FIRST CORRECT ANSWER = BRAINLIEST What two numbers are twice as far from 14 as they are from 20?

Honestly the fasted way to do this is to guess and check, but here's the long way:

Let the unknown numbers be represented by x and let the distance x is from 20 by d. With the information in the question, we can determine the following:

x=14+2d or x=14-2d.
x=20+d or x =20-d.

To simplify the question, let's set a range for the possible answers. The information in the question shows that the unknown numbers are closer to 20 than 14. This means that the numbers are greater than 17. 17 is equally far from 14 and 20 and anything under 17 is closer to 14 than 20. With this range, we can eliminate x=14-2d because 14-2d is less than 17. That leaves us with x=14+2d and x=20+d or x=20-d.
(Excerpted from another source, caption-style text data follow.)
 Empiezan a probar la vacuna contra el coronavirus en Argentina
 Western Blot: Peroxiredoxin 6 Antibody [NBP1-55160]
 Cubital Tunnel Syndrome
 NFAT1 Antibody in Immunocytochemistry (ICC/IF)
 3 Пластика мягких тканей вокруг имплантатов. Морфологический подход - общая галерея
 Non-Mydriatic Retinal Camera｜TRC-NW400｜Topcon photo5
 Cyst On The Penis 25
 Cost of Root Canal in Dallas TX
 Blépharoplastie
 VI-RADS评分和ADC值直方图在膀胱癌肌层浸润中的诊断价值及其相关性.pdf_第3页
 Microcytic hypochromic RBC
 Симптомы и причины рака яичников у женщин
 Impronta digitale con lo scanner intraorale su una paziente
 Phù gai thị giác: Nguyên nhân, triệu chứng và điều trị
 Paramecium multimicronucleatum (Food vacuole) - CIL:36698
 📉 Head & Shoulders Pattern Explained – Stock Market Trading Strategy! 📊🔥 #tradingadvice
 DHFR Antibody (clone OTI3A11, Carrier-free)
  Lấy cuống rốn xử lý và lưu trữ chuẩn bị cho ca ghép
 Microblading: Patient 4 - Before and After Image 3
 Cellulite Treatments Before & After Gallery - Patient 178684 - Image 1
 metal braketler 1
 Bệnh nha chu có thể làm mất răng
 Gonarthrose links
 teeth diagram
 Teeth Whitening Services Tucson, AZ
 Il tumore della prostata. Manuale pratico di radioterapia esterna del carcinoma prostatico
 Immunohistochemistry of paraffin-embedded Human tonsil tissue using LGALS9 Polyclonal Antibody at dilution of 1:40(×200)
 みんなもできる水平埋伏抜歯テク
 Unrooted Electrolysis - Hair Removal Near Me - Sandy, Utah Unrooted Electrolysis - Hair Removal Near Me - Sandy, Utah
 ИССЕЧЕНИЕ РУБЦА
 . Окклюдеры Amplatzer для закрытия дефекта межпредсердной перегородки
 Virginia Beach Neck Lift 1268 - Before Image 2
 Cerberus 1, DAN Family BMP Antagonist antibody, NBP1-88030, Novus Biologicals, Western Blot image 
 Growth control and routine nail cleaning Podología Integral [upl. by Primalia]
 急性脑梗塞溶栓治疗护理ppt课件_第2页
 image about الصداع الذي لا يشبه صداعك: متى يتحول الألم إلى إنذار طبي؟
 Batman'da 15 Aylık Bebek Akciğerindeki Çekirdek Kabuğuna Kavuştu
From here, you can just substitute x=14+2d into x=20+d and 20-d to get the two possible answers:

14+2d=20+d
2d-d=20-14
d=6

14+2d=20-d
2d+d=20-14
3d=6
d=2

So the numbers are going to be 6 and 2 away from 20. For the first number, its either 26 or 14. 14 is closer to 14 than 20, so 26 is the first number. For the second number, it is either 22 or 18. 22 is 8 away from 14 while 18 is 4 away from 14. 2 is half of 4 and not 8, so 18 is the answer.